Splitting a data set into smaller data sets sequentially

Let’s say we need to split a data set SASHELP.CARS (number of observation N=428) into several smaller datasets. We will consider the following two sequential observation selection scenarios:

  1. Each smaller data set should have maximum of K observations.
  2. There should be S smaller data sets of approximately same size.

Ideally, we would like to split a data set into K observations each, but it is not always possible to do as the quotient of dividing the number of observations in the original dataset N by K is not always going to be a whole number. Therefore, we will split it into several smaller data sets of K observations each, but the last smaller data set will have the number of observations equal to the remainder of the division N by K.

Similarly, with the scenario 2, we will split the source data set into several smaller data sets of the same size, but the last smaller data set will have the number of observations equal to the remainder of the division N by K.

Below is a SAS macro code that covers both these scenarios. Parameter’s SPLIT_DEF value defines the type of scenario (SPLIT_DEF=NOBS means that the source data set is split into several smaller data sets with the number of observations not to exceed SPLIT_NUM value; SPLIT_DEF=SETS means that the source data set is split into SPLIT_NUM=value of smaller data sets).

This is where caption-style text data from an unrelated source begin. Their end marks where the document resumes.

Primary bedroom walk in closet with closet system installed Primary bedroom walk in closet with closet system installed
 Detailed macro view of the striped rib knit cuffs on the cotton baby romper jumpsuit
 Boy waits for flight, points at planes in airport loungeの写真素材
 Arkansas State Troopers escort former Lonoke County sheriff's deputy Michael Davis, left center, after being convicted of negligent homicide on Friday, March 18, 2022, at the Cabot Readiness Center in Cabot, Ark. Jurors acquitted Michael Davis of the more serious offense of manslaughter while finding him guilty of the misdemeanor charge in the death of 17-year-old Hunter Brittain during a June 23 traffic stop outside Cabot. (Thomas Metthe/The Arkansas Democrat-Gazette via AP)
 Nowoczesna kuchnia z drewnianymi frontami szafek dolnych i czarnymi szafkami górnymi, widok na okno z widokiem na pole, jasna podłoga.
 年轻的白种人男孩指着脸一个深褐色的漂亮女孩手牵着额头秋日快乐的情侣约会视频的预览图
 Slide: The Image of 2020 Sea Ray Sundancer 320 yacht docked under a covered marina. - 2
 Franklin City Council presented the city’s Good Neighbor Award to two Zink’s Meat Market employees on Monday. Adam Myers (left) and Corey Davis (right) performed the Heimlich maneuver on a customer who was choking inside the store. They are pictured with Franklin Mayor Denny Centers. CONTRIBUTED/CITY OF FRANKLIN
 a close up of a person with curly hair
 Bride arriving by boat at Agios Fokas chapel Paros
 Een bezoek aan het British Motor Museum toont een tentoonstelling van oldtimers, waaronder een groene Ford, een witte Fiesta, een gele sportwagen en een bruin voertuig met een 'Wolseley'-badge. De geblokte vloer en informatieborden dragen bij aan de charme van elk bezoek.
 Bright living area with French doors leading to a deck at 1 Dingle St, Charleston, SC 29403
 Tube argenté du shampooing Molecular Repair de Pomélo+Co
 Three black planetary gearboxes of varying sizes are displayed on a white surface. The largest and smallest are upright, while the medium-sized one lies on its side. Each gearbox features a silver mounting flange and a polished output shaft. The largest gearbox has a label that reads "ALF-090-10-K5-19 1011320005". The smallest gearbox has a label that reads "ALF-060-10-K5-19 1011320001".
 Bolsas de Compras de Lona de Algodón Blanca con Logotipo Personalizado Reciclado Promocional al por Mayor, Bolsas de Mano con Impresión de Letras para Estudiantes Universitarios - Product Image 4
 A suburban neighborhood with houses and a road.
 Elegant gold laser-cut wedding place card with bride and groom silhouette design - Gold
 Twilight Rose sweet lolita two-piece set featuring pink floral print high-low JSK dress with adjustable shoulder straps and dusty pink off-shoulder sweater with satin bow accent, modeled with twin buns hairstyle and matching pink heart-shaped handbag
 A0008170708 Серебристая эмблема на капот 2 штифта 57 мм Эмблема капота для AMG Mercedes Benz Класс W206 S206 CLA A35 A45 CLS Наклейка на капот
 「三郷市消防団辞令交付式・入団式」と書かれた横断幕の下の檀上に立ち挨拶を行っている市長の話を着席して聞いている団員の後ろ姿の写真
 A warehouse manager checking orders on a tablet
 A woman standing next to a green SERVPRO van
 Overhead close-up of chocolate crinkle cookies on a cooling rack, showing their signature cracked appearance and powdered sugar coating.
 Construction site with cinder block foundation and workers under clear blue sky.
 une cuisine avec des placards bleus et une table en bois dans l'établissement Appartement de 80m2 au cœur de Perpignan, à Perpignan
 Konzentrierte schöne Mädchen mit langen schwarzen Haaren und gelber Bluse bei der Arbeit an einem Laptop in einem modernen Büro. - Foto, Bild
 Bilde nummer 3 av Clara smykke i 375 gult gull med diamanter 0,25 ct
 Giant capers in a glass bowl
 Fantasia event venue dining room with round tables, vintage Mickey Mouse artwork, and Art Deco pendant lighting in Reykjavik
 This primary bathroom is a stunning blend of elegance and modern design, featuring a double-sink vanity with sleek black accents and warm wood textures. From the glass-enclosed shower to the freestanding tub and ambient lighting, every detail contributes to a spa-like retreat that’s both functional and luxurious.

%macro split (SRC_DATASET=, OUT_PREFIX=, SPLIT_NUM=, SPLIT_DEF=);
/* Parameters:
/*   SRC_DATASET - name of the source data set     */
/*   OUT_PREFIX - prefix of the output data sets   */
/*   SPLIT_NUM - split number                      */
/*   SPLIT_DEF - split definition (=SETS or =NOBS) */
 
   %local I K S TLIST;
 
   /* number of observations &K, number of smaller datasets &S */
   data _null_;
      if 0 then set &SRC_DATASET nobs=N;
      if upcase("&SPLIT_DEF")='NOBS' then
         do;
            call symputx('K',&SPLIT_NUM); 
            call symputx('S',ceil(N/&SPLIT_NUM));
            put "***MACRO SPLIT: Splitting into datasets of no more than &SPLIT_NUM observations";
         end;
         else if upcase("&SPLIT_DEF")='SETS' then
         do;
            call symputx('S',&SPLIT_NUM); 
            call symputx('K',ceil(N/&SPLIT_NUM));
            put "***MACRO SPLIT: Splitting into &SPLIT_NUM datasets";
        end;
         else put "***MACRO SPLIT: Incorrect SPLIT_DEF=&SPLIT_DEF value. Must be either SETS or NOBS.";
      stop; 
   run;
 
   /* terminate macro if nothing to split */
   %if (&K le 0) or (&S le 0) %then %return;
 
    /* generate list of smaller dataset names */
   %do I=1 %to &S;
      %let TLIST = &TLIST &OUT_PREFIX._&I;
   %end;
 
   /* split source dataset into smaller datasets */
   data &TLIST;
      set &SRC_DATASET;
      select;
         %do I=1 %to &S;
            when(_n_ <= &K * &I) output &OUT_PREFIX._&I; 
         %end;
      end;
   run;
 
%mend split;

The following are examples of the macro invocations:

%split(SRC_DATASET=SASHELP.CARS, OUT_PREFIX=WORK.CARS, SPLIT_NUM=100, SPLIT_DEF=SET);
 
%split(SRC_DATASET=SASHELP.CARS, OUT_PREFIX=WORK.CARS, SPLIT_NUM=100, SPLIT_DEF=NOBS);
 
%split(SRC_DATASET=SASHELP.CARS, OUT_PREFIX=WORK.CARS, SPLIT_NUM=3, SPLIT_DEF=SETS);

These invocations will produce the following SAS logs:

%split(SRC_DATASET=SASHELP.CARS, OUT_PREFIX=WORK.CARS, SPLIT_NUM=100, SPLIT_DEF=SET);
***MACRO SPLIT: Incorrect SPLIT_DEF=SET value. Must be either SETS or NOBS.
 
%split(SRC_DATASET=SASHELP.CARS, OUT_PREFIX=WORK.CARS, SPLIT_NUM=100, SPLIT_DEF=NOBS);
***MACRO SPLIT: Splitting into datasets of no more than 100 observations
NOTE: There were 428 observations read from the data set SASHELP.CARS.
NOTE: The data set WORK.CARS_1 has 100 observations and 15 variables.
NOTE: The data set WORK.CARS_2 has 100 observations and 15 variables.
NOTE: The data set WORK.CARS_3 has 100 observations and 15 variables.
NOTE: The data set WORK.CARS_4 has 100 observations and 15 variables.
NOTE: The data set WORK.CARS_5 has 28 observations and 15 variables.
 
%split(SRC_DATASET=SASHELP.CARS, OUT_PREFIX=WORK.CARS, SPLIT_NUM=3, SPLIT_DEF=SETS);
***MACRO SPLIT: Splitting into 3 datasets
NOTE: There were 428 observations read from the data set SASHELP.CARS.
NOTE: The data set WORK.CARS_1 has 143 observations and 15 variables.
NOTE: The data set WORK.CARS_2 has 143 observations and 15 variables.
NOTE: The data set WORK.CARS_3 has 142 observations and 15 variables.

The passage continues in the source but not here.